# Need help



## Northernstar (Oct 3, 2010)

Hi all,

I have managed to contact a spanish social worker over our daughter for advice and help , ( Big thanks to everyone that posted on my very first thread, I would not of been able to make contact with them, if it had not been for all your help ) 

I am however having difficulty but google translate is a godsend, as she is e-mailing me in Spanish, so I am translating my english e-mails to Spanish before I send them, we have a problem though, I need to try and find a website that can tell me what the Spanish call a Mitrofanoff and an ACE stoma, as this is where we are having a little difficulty.

Does anyone know of such a website that has the spanish equivalents to english medical procedures?
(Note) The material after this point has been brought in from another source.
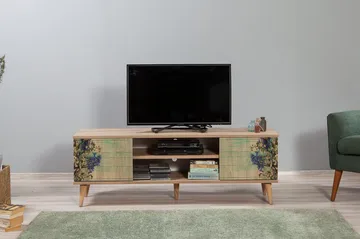 Vellavie Tv-bänk 140 cm Körsbärsblom - Brun/Grön - Möbler - TV- & Mediamöbler - TV bänk & mediabänk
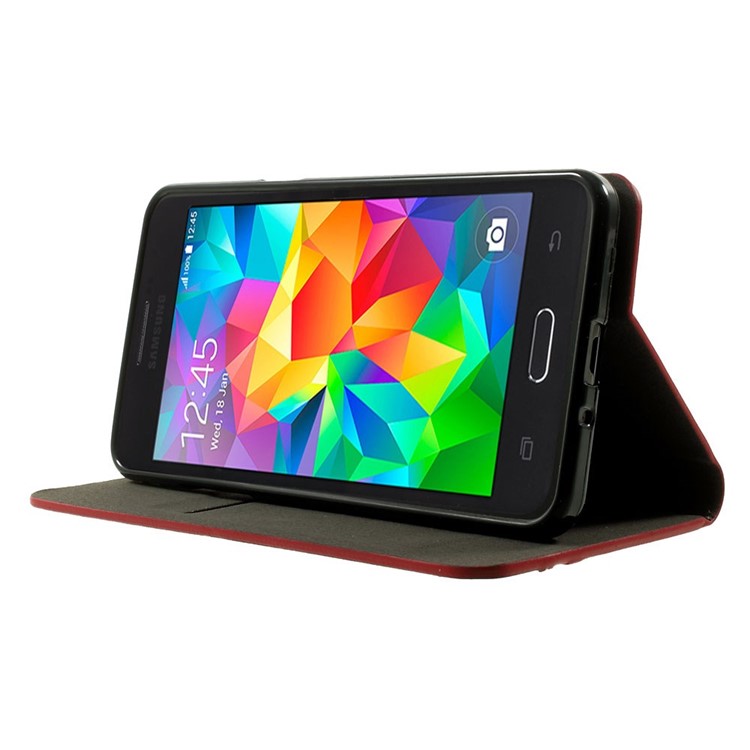 For Samsung Galaxy Grand Prime SM-G530H Two-color Folio Leather Stand Case Cover - Red-3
I have googled and can't find any....any help please would be greatly appreciated.

Helen x


----------



## Alcalaina (Aug 6, 2010)

Yes, take a look at the Word Reference forum: you can post a question and an expert will soon get back to you.

WordReference Forums


----------



## MaidenScotland (Jun 6, 2009)

Hope this might help


English / Spanish Medical Dictionary


----------



## Northernstar (Oct 3, 2010)

Thank you both, its a Mitrofanoff apendicovesicostomía. She still does not understand what it is though lol.


----------



## xicoalc (Apr 20, 2010)

Northernstar said:


> Thank you both, its a Mitrofanoff apendicovesicostomía. She still does not understand what it is though lol.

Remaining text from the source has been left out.